第三話
エマが夕食後にナイラの練習に付き合うようになって、しばらく経った。夜が近づいてくると、運動場に木刀のぶつかる音がよく響く。
「お、今日もやってるー。見てたよー」
近くを通りがかったメリッサが足を止めてひらひらと手を振るのが、木刀を構えるエマの目に入った。
「雨じゃない日はいつも練習してんね」
「勉強になってるよ」
「そっか」
エマとナイラが近接戦闘の自主練習に励む横で、メリッサがぼんやりとしている。しばらくながめていたようだが、飽きたのか、音楽を流しはじめた。アップテンポのロックだ。
「いえーい」
ポーズまでとってうさぎのように小刻みに跳ねはじめたメリッサに、エマは渋い顔をした。
「ねぇ、メリッサ……」
音楽を止めてもらおうとエマが声を出したとき、ナイラが打ち込んできた。あわてて後方に飛び退いて、エマは体勢を立て直す。そうこうするうちにも、ナイラが間合いを詰めてくる。
「ちょっと待ってって!」
「よそ見しない」
ナイラが木刀を横薙ぎに払う。ひゅっという空気を切る音のあとで、エマの木刀に重い衝撃がある。刃を寝かせて受け、押し返す。
ナイラは後方に下がると、構えを解いてまじまじと自分の手を見つめた。
「……できた」
「さっきの?」
「そう。……どうして?」
エマとナイラの視線が、メリッサに向く。メリッサは癖毛を指に巻き付ける仕草を忘れて、音楽に合わせてエアギターを披露している。斜めに構えた木刀の上で、かき鳴らすように手を動かしていた。
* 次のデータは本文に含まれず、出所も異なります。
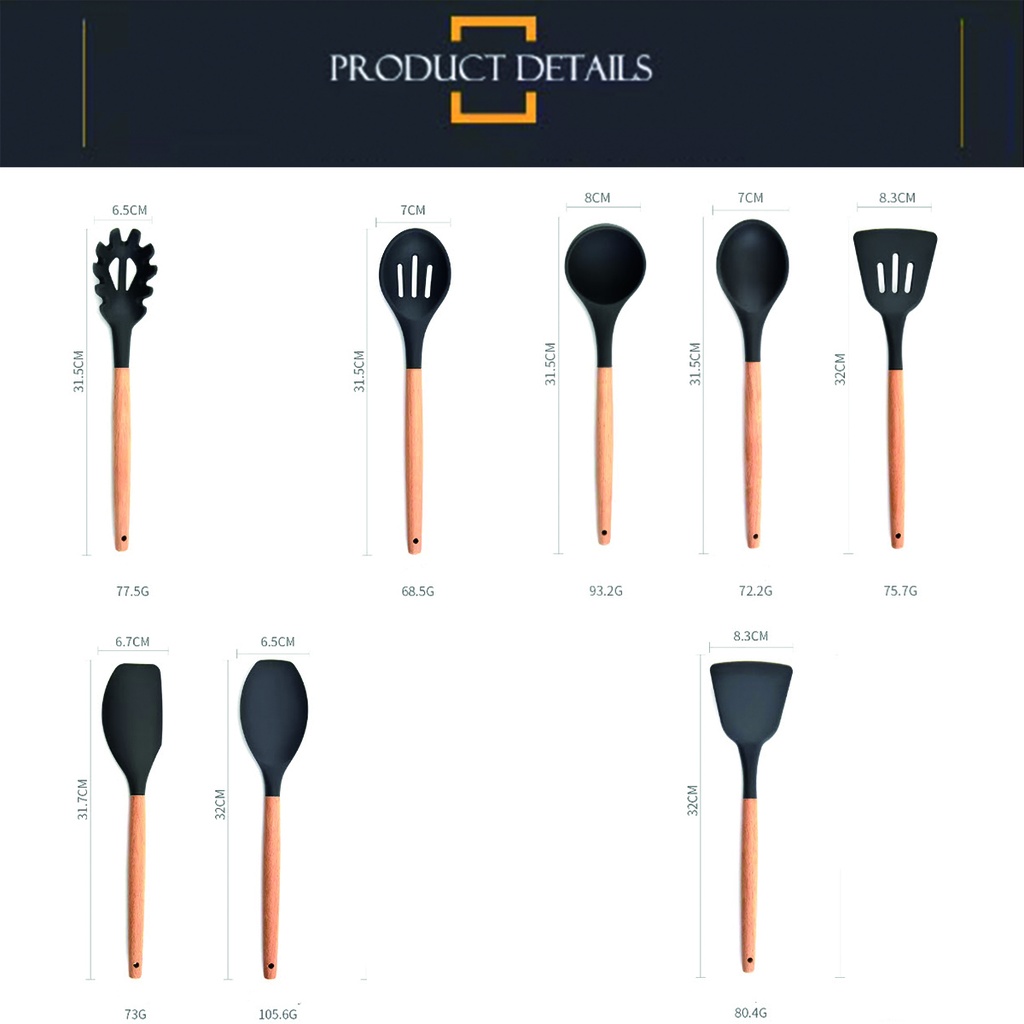 Utensilios madera silicona 8 piezas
エマとナイラの視線を受けて、メリッサの動きが止まる。高々と掲げていた手が、だんだんと萎れていく。
「……え、私? 何かした?」
「メリッサ、もう一回さっきの曲、流して!」
身を乗り出したナイラに、メリッサはうれしそうな顔でニヤリと笑った。
「お、ナイラもこのよさがわかるー? ここのギターソロ、めっちゃかっこいいよね。私、この曲クイニーに教わってさぁ、ヘビロテしてんの」
「誰の、なんていう曲!?」
***
夕食後の自主訓練はつづいていた。ナイラはメリッサから教わった音楽をイヤホンで流しながら、木刀を振るう。受け止めるエマも、次第に上達しつつあった。
──こんなことって、あるんだな。
エマは奇跡の目撃者になったような気さえする。音に合わせて動くナイラの身体からは、余計な力が抜けているようだ。
昔から、戦闘集団に音楽隊がいる理由がわかったような気がする。おそらく、ナイラとエマのように考え込んでしまう人や、恐怖にとらわれてしまう人の意識を逸らすのに、音楽は一役買っていたのだろう。人の心を支える、ほんの少し背中を押すという点で、音楽は有効だ。
「きっと、音楽に合わせて呼吸や間の取り方が変わるのね」
ナイラは元々近接戦闘も得意だったが、音楽に合わせて打ち込みの緩急が変わり、太刀筋を読みにくくなった。
「違う曲だと、どうなるのかしら」
調子を取り戻しつつあるナイラは、興味津々といった様子で色々な楽曲を試しているようだった。エマも聴かせてもらったが、ジャンルはさまざまだった。
「でも、通信や戦場の音が聞こえにくくなるんじゃ……困らない?」
ためらいがちに止めるエマに、ナイラは意味ありげな笑みを浮かべた。桜色の唇に、うっすら苦味が乗っている。
そういえばナイラは、元々そういった通信をあまり聞いていなかった。話しかけても、返事がないことが多々あった。
「……強化パーツのジェット噴射と空気を切る音で、あまり聞こえないのよ」
──さすがに、そんなことはないでしょ。
言い訳めいて語尾を濁したナイラに、エマは金色の髪をかいて、同じように苦笑いをした。
おそらくナイラは集中しているのだろう。けれどもそれを止める側の身にもなって欲しいと、エマはため息をついた。